_EXERCISE PROMPT_
The records below are to be restated word for word, with every picture left out.

Segment Open

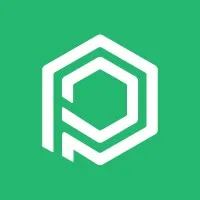 Pathlock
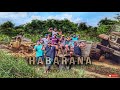 Habarana Off-road Adventure Sri Lanka | Celebration with Friends| යක්කුත් එක්ක #habarana #offroad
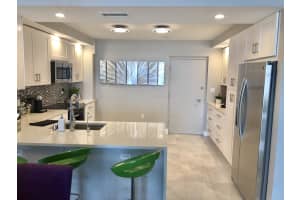 2840 S Ocean Blvd, Palm Beach, FL 33480, Sold 12/03/19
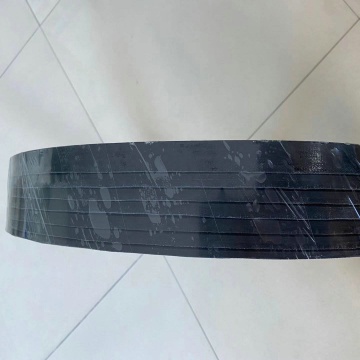 Mitsubishi 650MMG Dusting Seal 2018 Stock Clamping Oil Seal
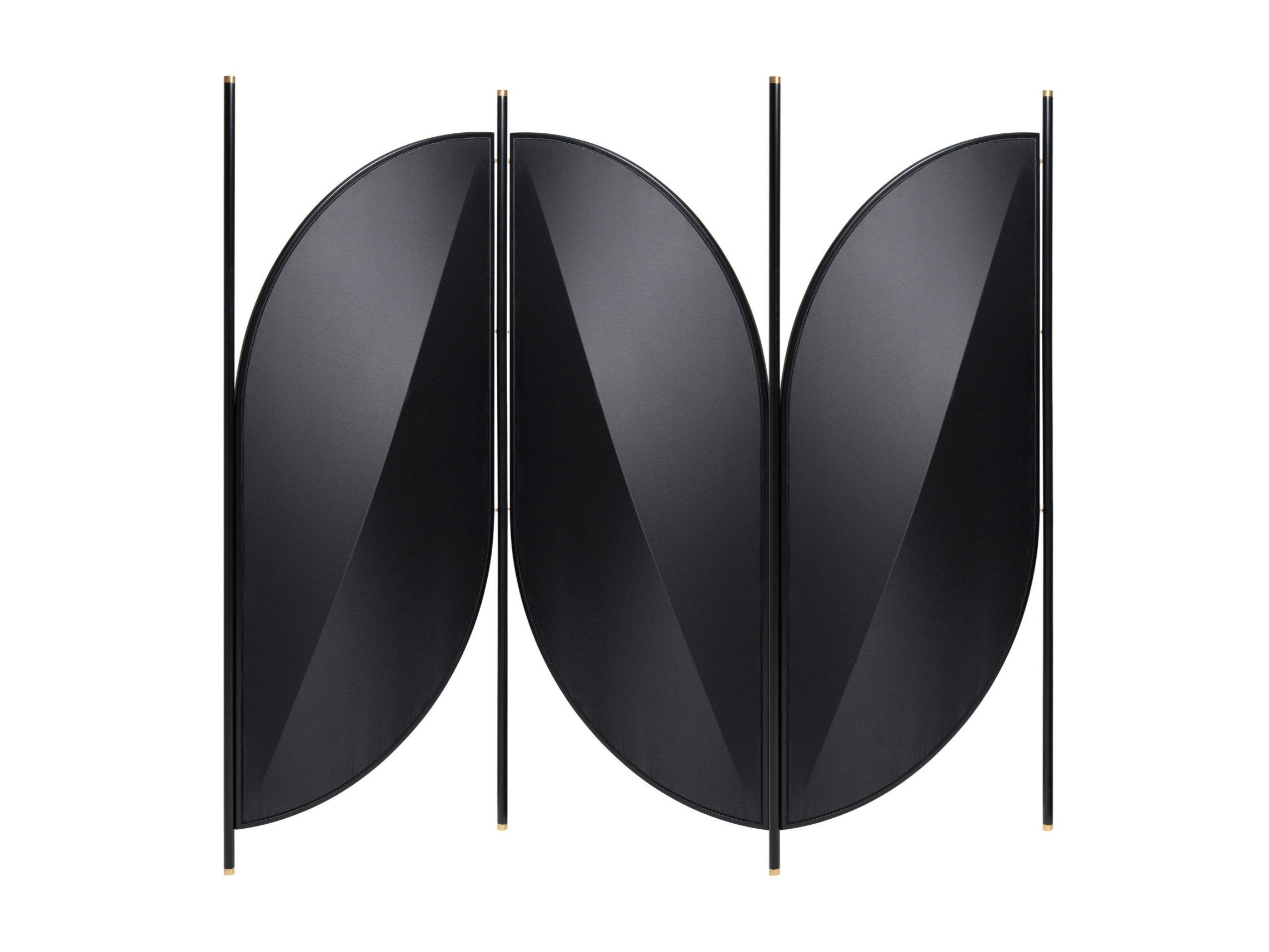 Экран из бука Wiener GTV Design Feng ARCH-00040682 - Вид №1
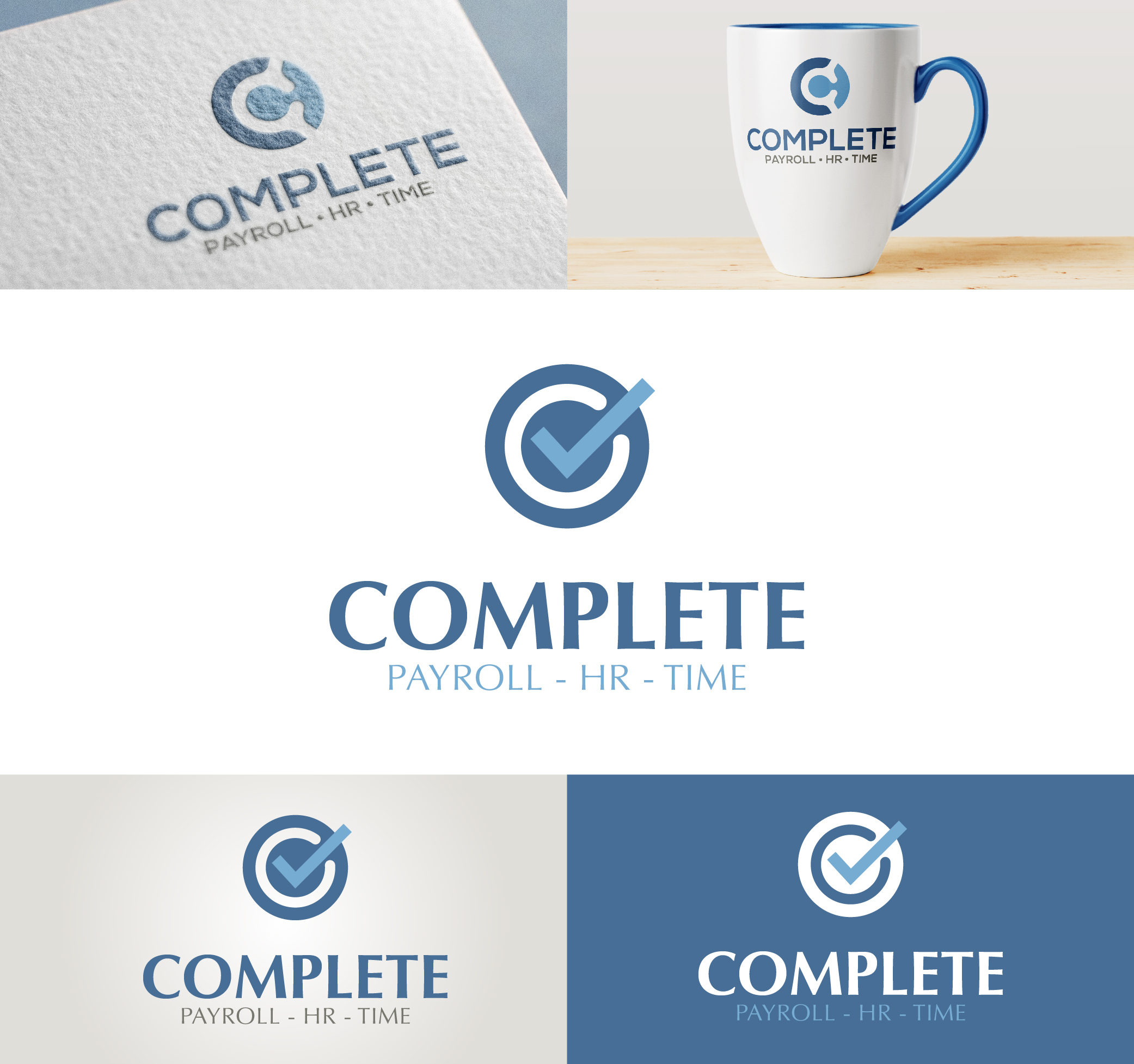 Logo Design by ileanalp for this project | Design #24480396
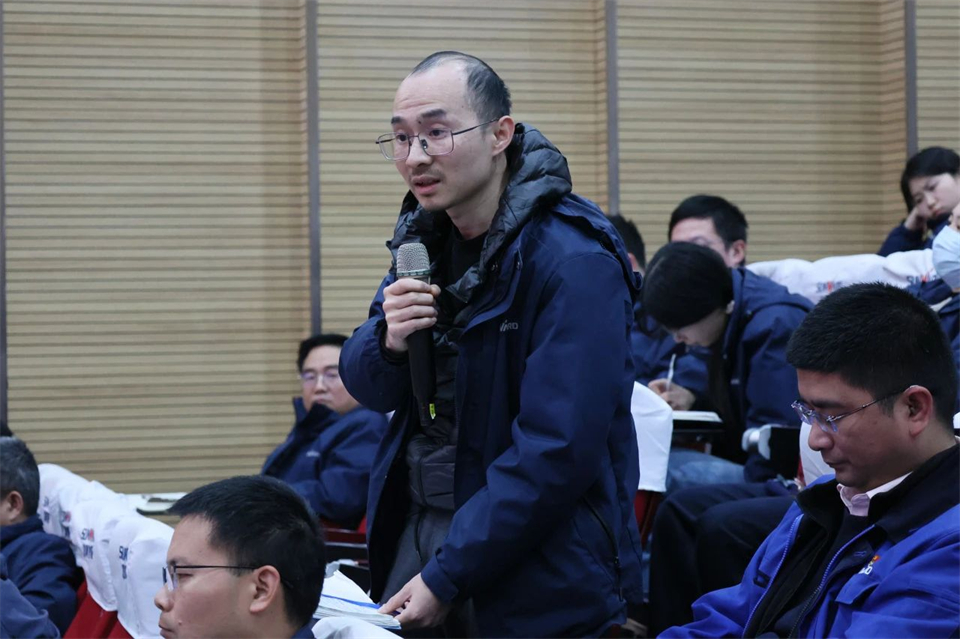 数字工业，智慧将来！西门子人为智能、数字孪生、元宇宙、低代码技术讲座开讲啦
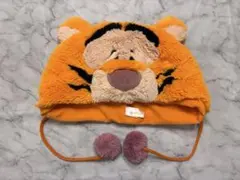 Item thumbnail for item 01ba8b25-ffd6-499d-a023-31a7cdcde022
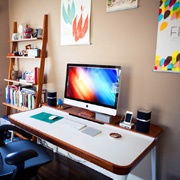 Как легко перенести файлы и параметры со старого компьютера на новый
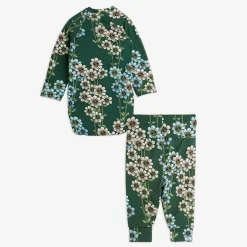 Daisys Set för Nyfödd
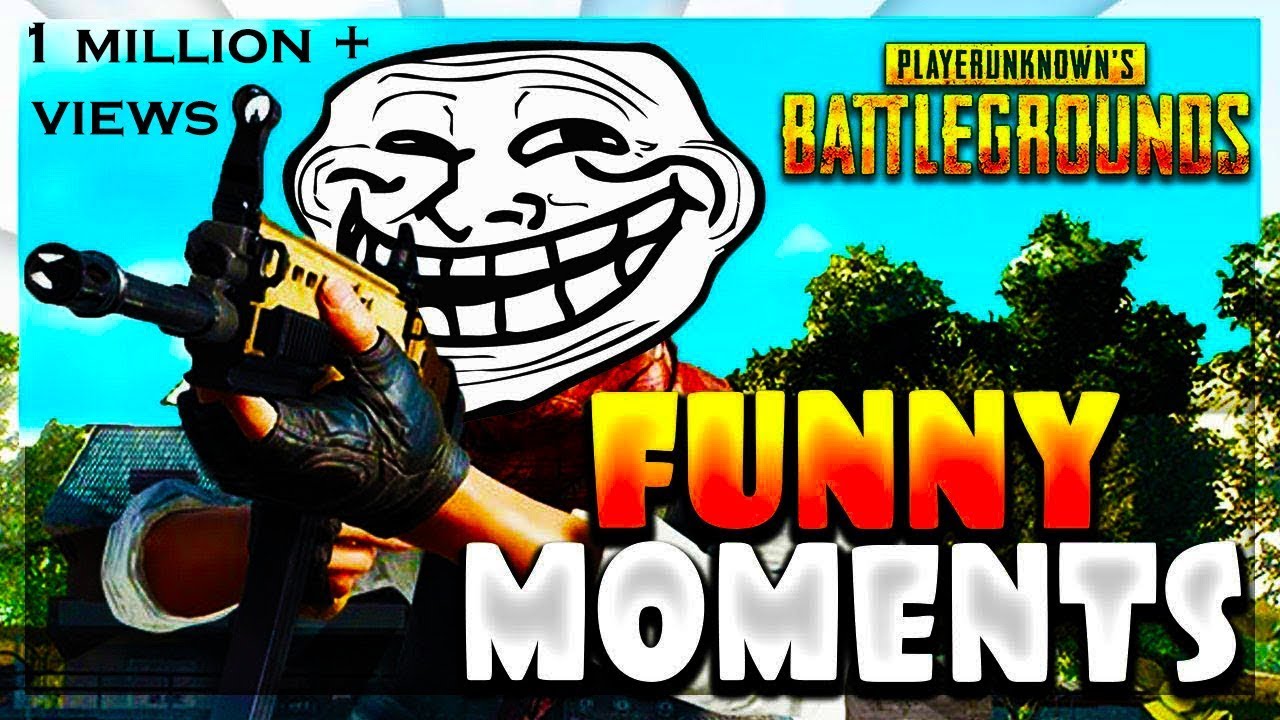 Funny memes for pubg..#devilninja #devilninjagaming #funny #pubg #pubgmobile #pubgmemes #devilclan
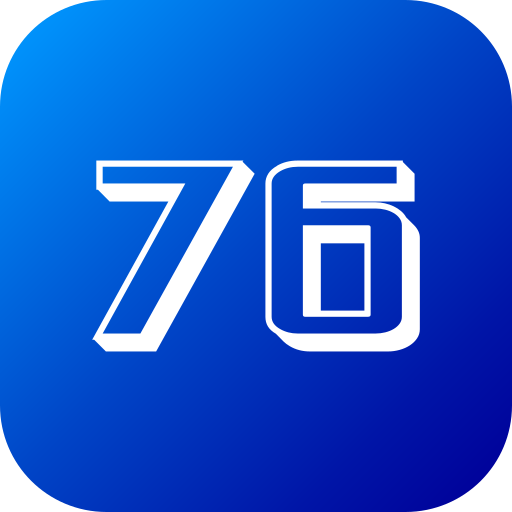 76 icono gratis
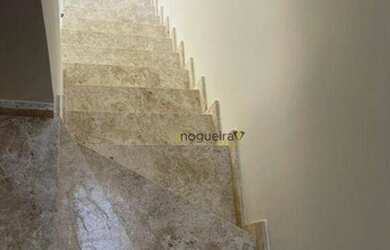 Imagem 6: Sobrado com 3 dormitórios à venda, 90 m² por R$ 650.000,00 - Campo Grande - São Paulo/SP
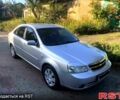 Шевроле Лачетті, об'ємом двигуна 1.8 л та пробігом 171 тис. км за 4000 $, фото 1 на Automoto.ua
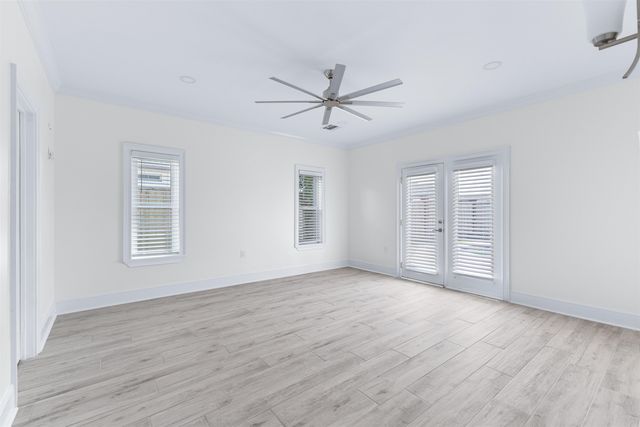 332 Tulip Dr, Houma, LA 70360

Segment Closed

_SOLVED PROBLEM_
 Pathlock
 Habarana Off-road Adventure Sri Lanka | Celebration with Friends| යක්කුත් එක්ක #habarana #offroad
 2840 S Ocean Blvd, Palm Beach, FL 33480, Sold 12/03/19
 Mitsubishi 650MMG Dusting Seal 2018 Stock Clamping Oil Seal
 Экран из бука Wiener GTV Design Feng ARCH-00040682 - Вид №1
 Logo Design by ileanalp for this project | Design #24480396
 数字工业，智慧将来！西门子人为智能、数字孪生、元宇宙、低代码技术讲座开讲啦
 Item thumbnail for item 01ba8b25-ffd6-499d-a023-31a7cdcde022
 Как легко перенести файлы и параметры со старого компьютера на новый
 Daisys Set för Nyfödd
 Funny memes for pubg..#devilninja #devilninjagaming #funny #pubg #pubgmobile #pubgmemes #devilclan
 76 icono gratis
 Imagem 6: Sobrado com 3 dormitórios à venda, 90 m² por R$ 650.000,00 - Campo Grande - São Paulo/SP
 Шевроле Лачетті, об'ємом двигуна 1.8 л та пробігом 171 тис. км за 4000 $, фото 1 на Automoto.ua
 332 Tulip Dr, Houma, LA 70360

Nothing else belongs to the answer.